PCI has become the most commonly performed procedure in medicine.4 More than 600,000 patients per year receive a coronary stent in United States, while 23% require some type of non-cardiac surgery within 2 years of stent implantation.5 Stent thrombosis is a potentially catastrophic complication that commonly presents as STEMI or sudden cardiac death. Although newer-generation stents are very efficacious in preventing restenosis, stent thrombosis continues to remain a concern, albeit at a lower rate.6 Compliance with DAPT reduces stent thrombosis event rates; however, seeking to avoid potential for major bleeding is a frequent cause of interruption when non-cardiac surgery is necessary.

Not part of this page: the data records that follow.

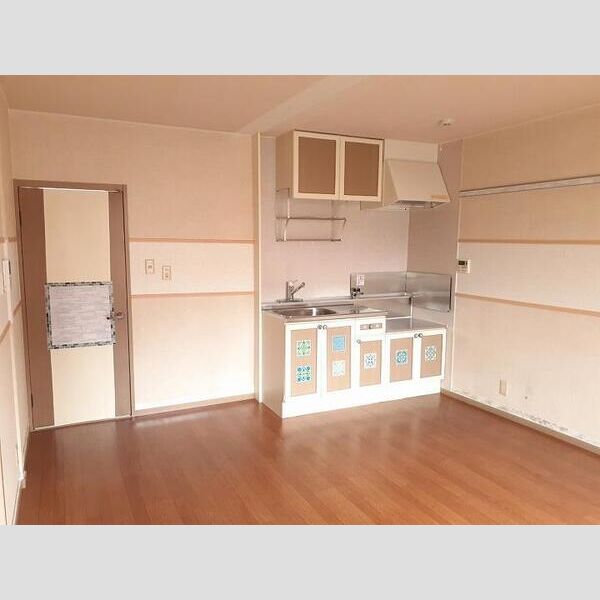 居室・リビング　広々としてるのでわんちゃんとの生活も楽しめそうですね！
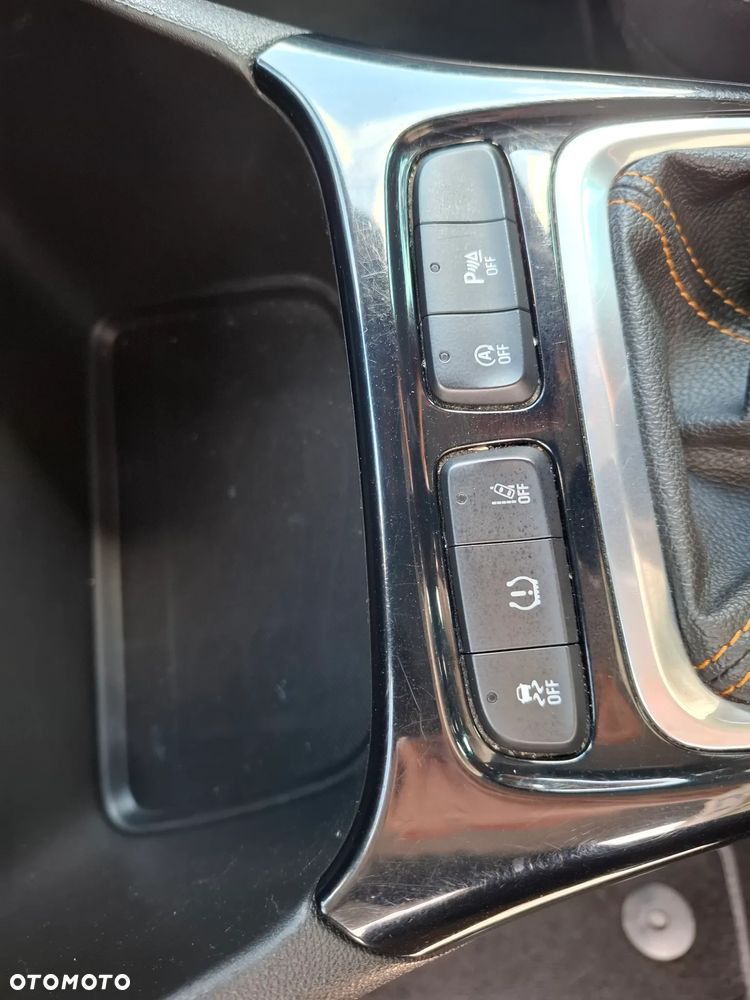Opel Crossland X 1.6 Innovation - 36
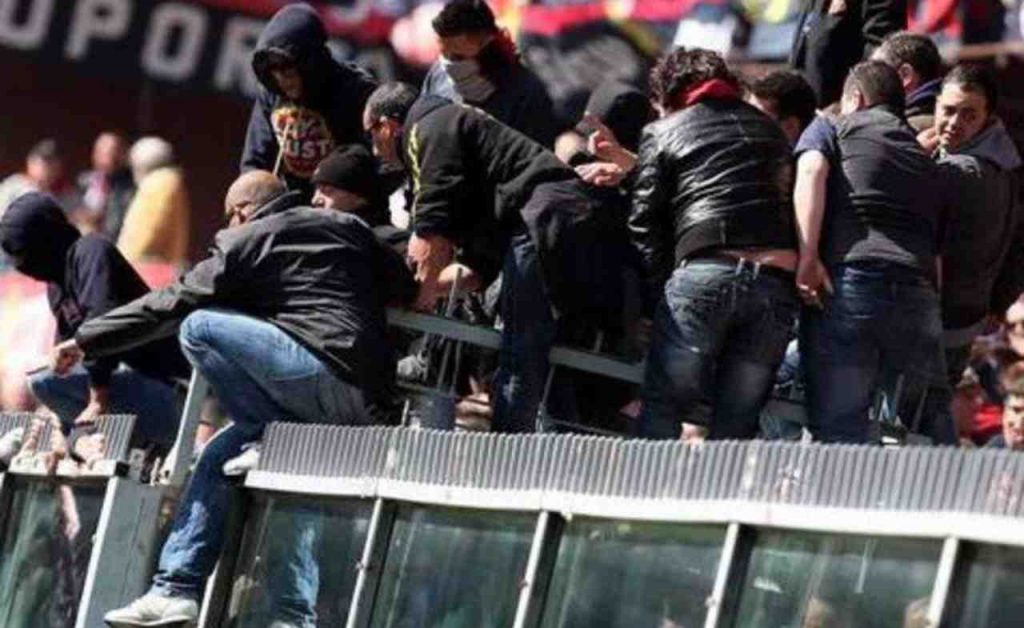 “Presi a schiaffi nello spogliatoio”: scandalo nel calcio italiano | I tifosi hanno fatto irruzione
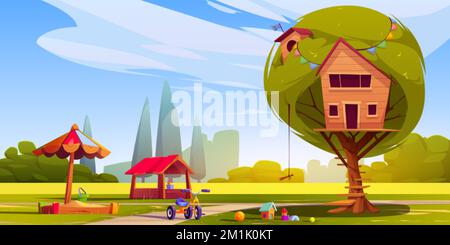 Spielplatz mit Spielzeug und Baumhaus im grünen Park unter blauem, sonnigen Himmel. Cartoon-Vektordarstellung einer Holzhütte mit Leiter, Sandkasten und Dreirad. P Stock Vektor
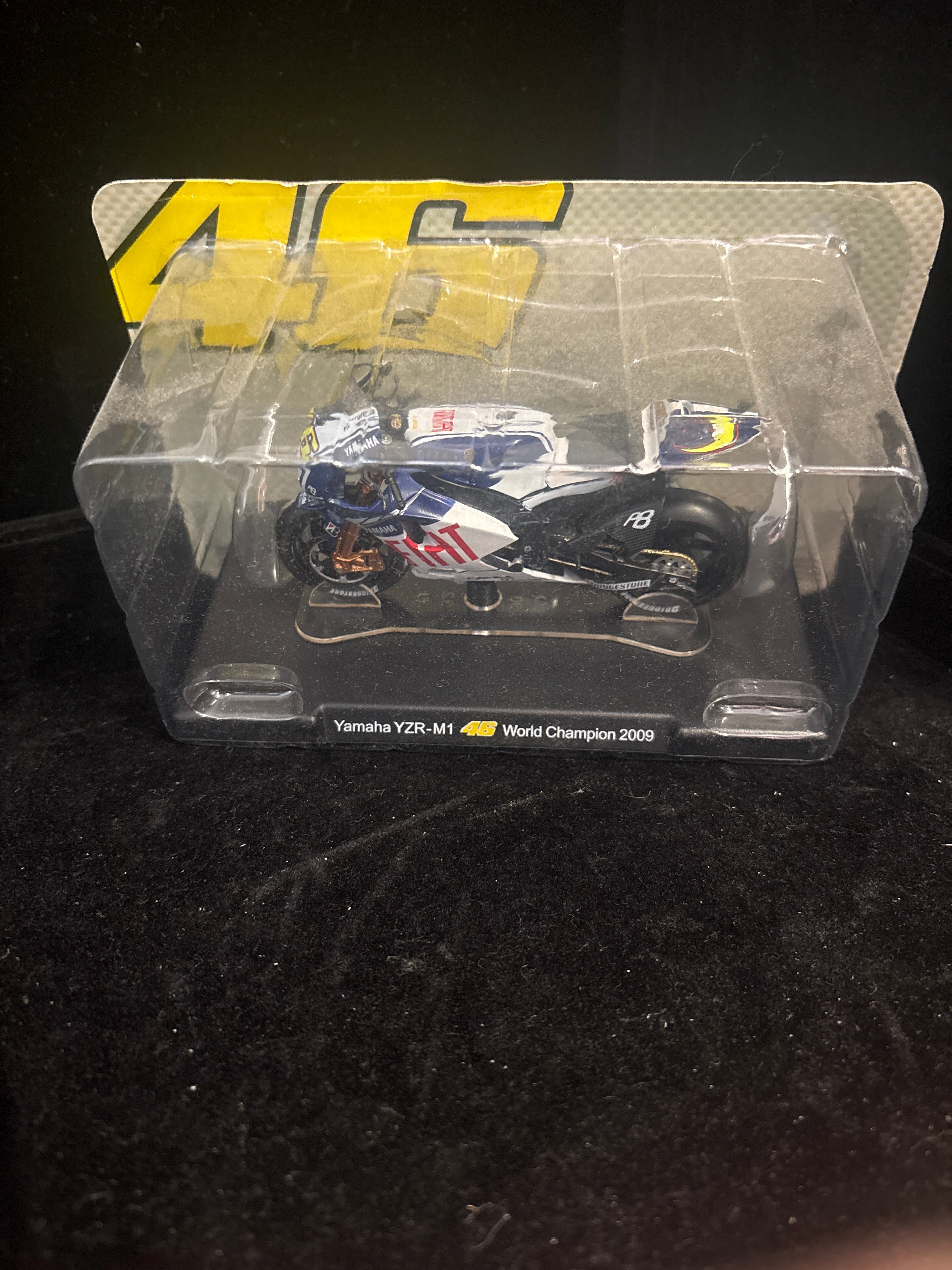 #P004 Yamaha YZR‑M1 “46” World Champion 2009 Die‑Cast Motorcycle Model (Panini)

Studies from the pre drug-eluting stent (DES) era suggested a potential for major adverse cardiovascular outcomes as high as 20% in patients undergoing surgery within 6 weeks of stent placement. Subsequent studies showed a persistent elevated thrombotic risk beyond 6 weeks following bare metal stent placement and 1 year after DES placement.7 Second- and third-generation DES have lowered the risk of stent thrombosis such that current American College of Cardiology/American Heart Association guidelines recommend delaying non-cardiac surgery until 30 days after bare metal stent placement, and ideally, 6 months after DES placement, unless clinical judgment indicates that the benefits exceed the risks for earlier (3-6 months after DES placement) surgery.8

The recently published SAS 2 score is derived from best efforts of multidisciplinary societies in Italy to create a systematic approach for guiding antithrombotic management in patients with coronary stents undergoing various non-cardiac surgeries.2 The main predictors of stent thrombosis are largely based on combined clinical and angiographic ischemic risk characteristics, although the greatest determinant is essentially the time from surgery to PCI. Using OCT, Adriaenssens et al identified uncovered stent struts, malposition, and stent dismantling as key morphological features of stent thrombosis.9 Uncovered struts are expected findings on OCT following stent implant; however, in-vivo case control studies have shown that up to 80% of patients with late stent thrombosis exhibit still as-yet uncovered struts.10 Finn et al reported >30% uncovered struts as a significant predictor of late stent thrombosis.11 In addition, stent malapposition and underexpansion, neointimal hyperplasia, and neoatherosclerosis have also been associated with late (<1 year) and very late (>1 year) stent thrombosis.9,12-14

Our first case presentation highlights the importance of weighing the perioperative thrombotic-to-bleeding risk according to individualized patient risk profiles, from coronary artery disease burden to stent type and implant guiding strategies, if known (i.e., angiography vs OCT or IVUS guidance). It also, however, highlights the limitations of the SAS 2 score as a risk-defining tool, as well as the inability of angiography to predict stent thrombosis. The greatest predictor for stent thrombosis utilizing the SAS 2 score includes the time of stent implant to surgery, with the lowest risk if stents were placed >1 year out from surgery. Preoperative diagnostic coronary angiography is often considered in patients with coronary stents when clinically appropriate, as in our patients. Clinical uncertainty remains as to whether imaging beyond luminography (OCT or IVUS) need be considered, especially if an angio-only approach was used to guide the index stent implant. Intravascular imaging may be useful to confirm appropriate neointimal stent coverage and confirm appropriately sized, apposed, and expanded stents, and thus may further enhance a thrombotic risk profile. Finally, utilizing a standardized bridging protocol as described by Rossini et al2 can be considered when hemorrhagic risk is redefined as acceptable or low by the surgical team. 

Disclosures: The authors report no conflicts of interest regarding the content herein.